Tuesday, October 30, 2012

Why I'm Voting and Why I'm Voting for Mitt

(alternate title: This is my Blog and I Suppose I Can Write About What's Important to Me)

Before 2007, I didn't think Christians should use their Christian morality in the voting booth because I thought it would be unfair. But then I learned that wasn't true, and here's why I believe it isn't:

1. Every single law, right down to funding the public library, is based on a morality. Every law says we should do X and we shouldn't do Y. Welfare is based on the morality that we should help those in need. Banning super-sized sodas is based on the morality that we have to help the obese not be so obese - and further, that obesity is bad. If you don't vote based on your Christian morality, which by definition, we as Christians believe is the correct one - another morality will win out.

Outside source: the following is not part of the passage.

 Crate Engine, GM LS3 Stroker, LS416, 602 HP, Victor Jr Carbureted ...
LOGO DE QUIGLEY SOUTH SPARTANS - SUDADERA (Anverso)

2. There are many examples, in both Old and New Testaments, of the importance God places on politics. Leviticus is an obvious example, but I like the New Testament example of John the Baptist confronting King Herod to tell him he was doing wrong. (See Mark 6.) Clearly we are not meant to separate ourselves from society to such an extent that we give ourselves no say in our culture's direction.

3. Jesus said to give to Caesar what is Caesar's. In our case, our 'Caesar' is a democracy - which demands participation.

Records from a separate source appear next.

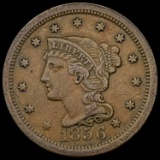 1856 Braided Hair Large Cent NEARLY UNCIRCULATED NEARLY UNCIRCULATED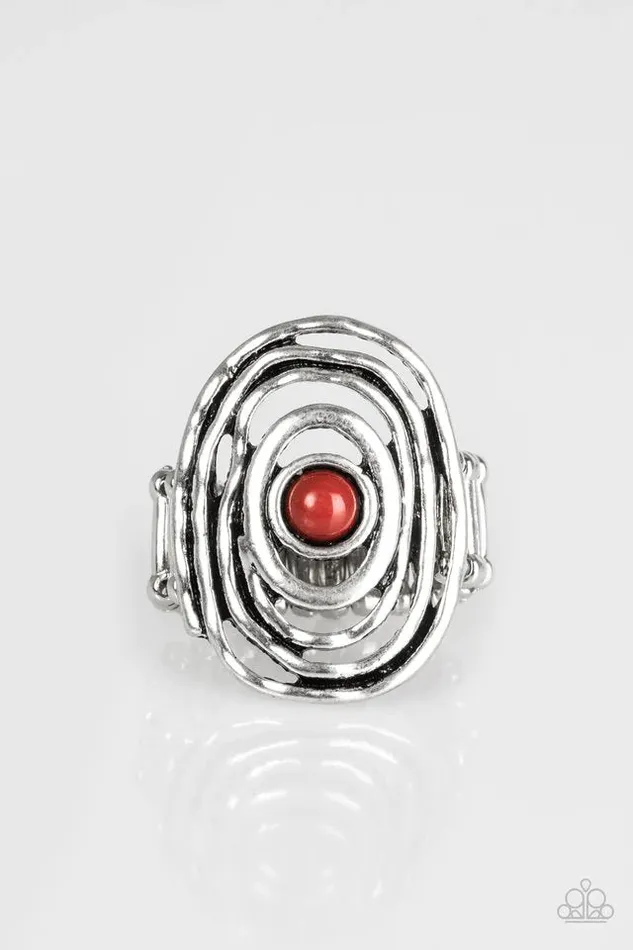 Paparazzi Jewelry Rings Paparazzi Ring Colorfully Chaotic Brown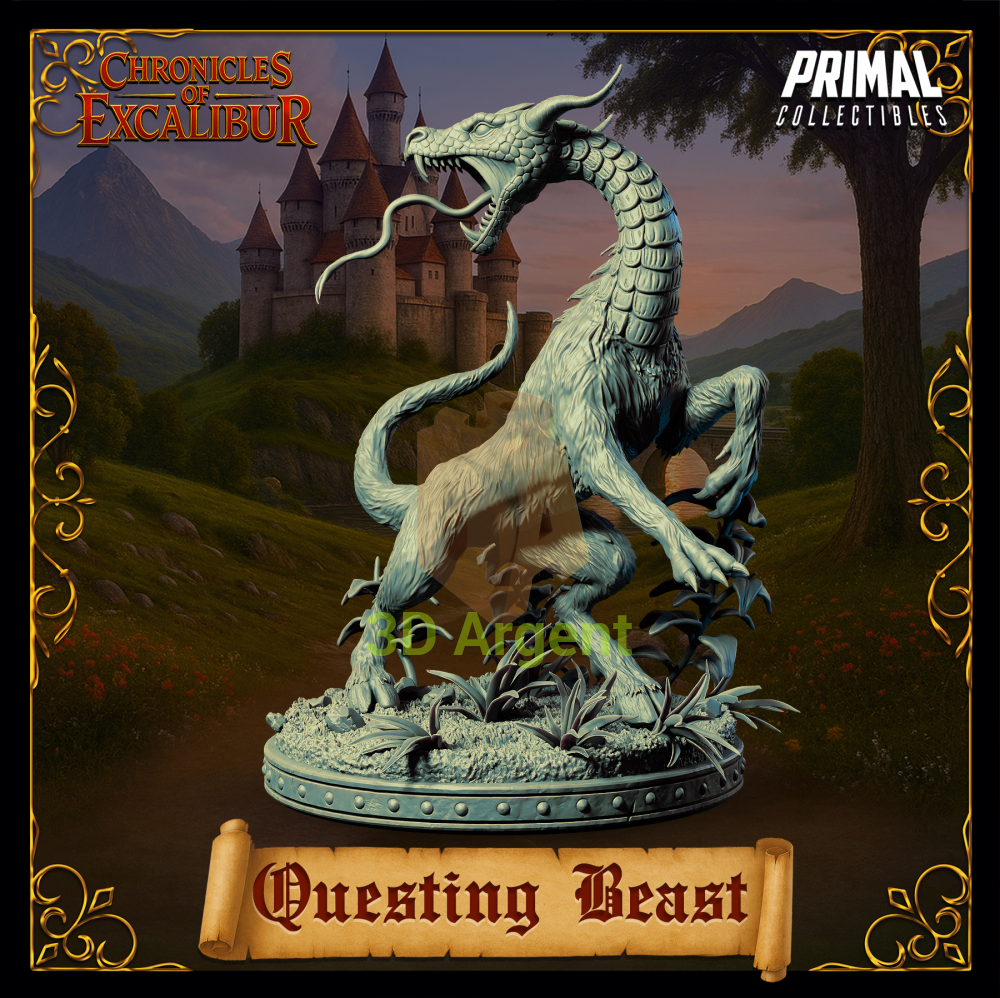 Creature - Questing Beast - Fantasy compatible D&D DragonLance Miniatures Primal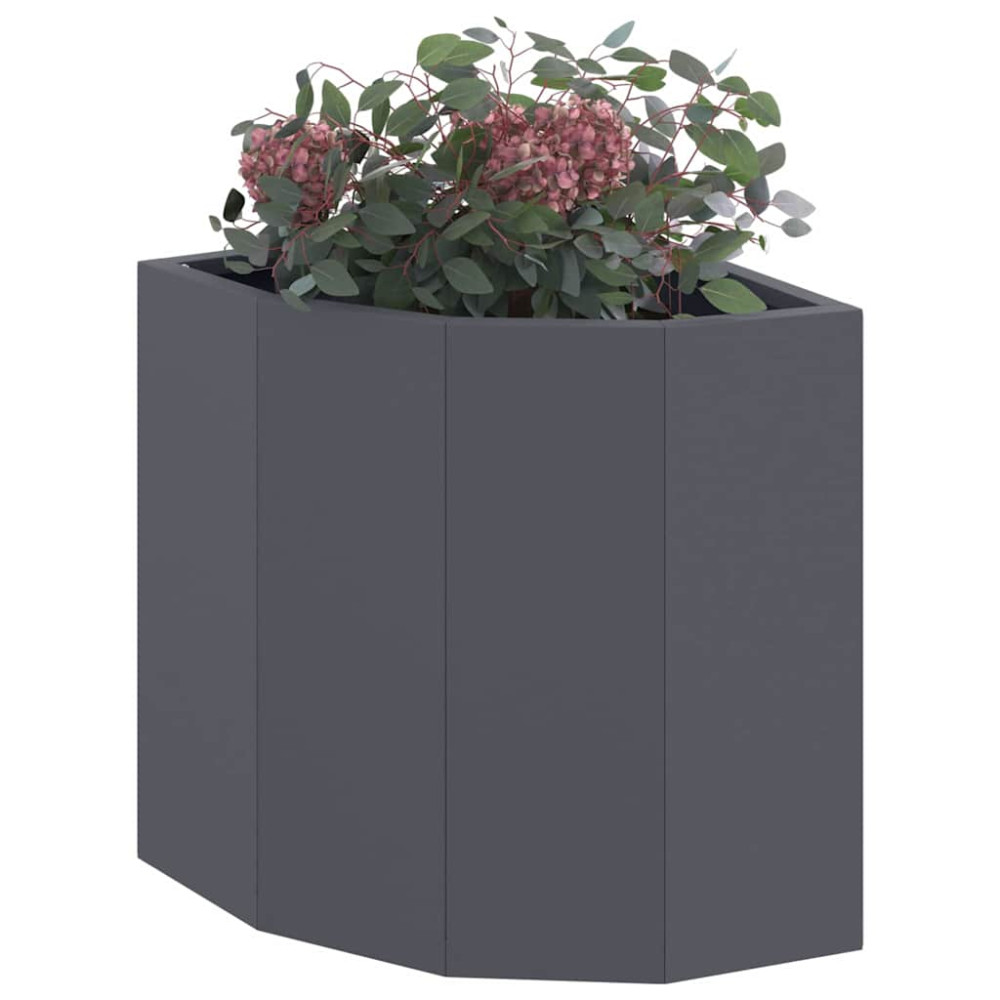 Produktbild för Hörnställning Antracit 30 x 30 x 35 cm Stål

4. Part of believing God is all Good is believing that God's will is what's best for us. That's why I can, with confidence and the utmost of compassion, vote that His will be done in our society.

Now that I believe I should vote, here's a few reasons why I'm voting for Mitt Romney.

1. The Economy
     I don't own a small business or a business of any size, actually, but I know things are not going well. They are not better than they were 4 years ago. I have a few key points here. The first is that in February of 2009, President Obama told Matt Lauer that if he didn't turn the economy around in 3 years, he would be a one-term president. That speaks for itself. (Here's the video.)

    Secondly, I do happen to work in the health insurance world in HR for a private company, and I can tell you firsthand how unbelievably, infuriatingly CRIPPLING Obamacare has already been. Companies need legal teams just to give them an idea of what the heck this behemoth is. Insurance rates have already increased because insurance companies are preparing for a mass exodus coming down the pike, which isn't good for anyone. This thing is an economic nightmare.

  Third, Mitt Romney has a very successful, very impressive economic record. I know we're inexplicably in the business now of finding economically successful people to be morally inferior (a bit judgmental, no?) but I'm not on that train. We can't hold "small businesses" to be of the highest moral fiber and then call a big businesses a monster. Big businesses are small businesses that grew big. That's just physics. Or chemistry? I haven't taken science since high school.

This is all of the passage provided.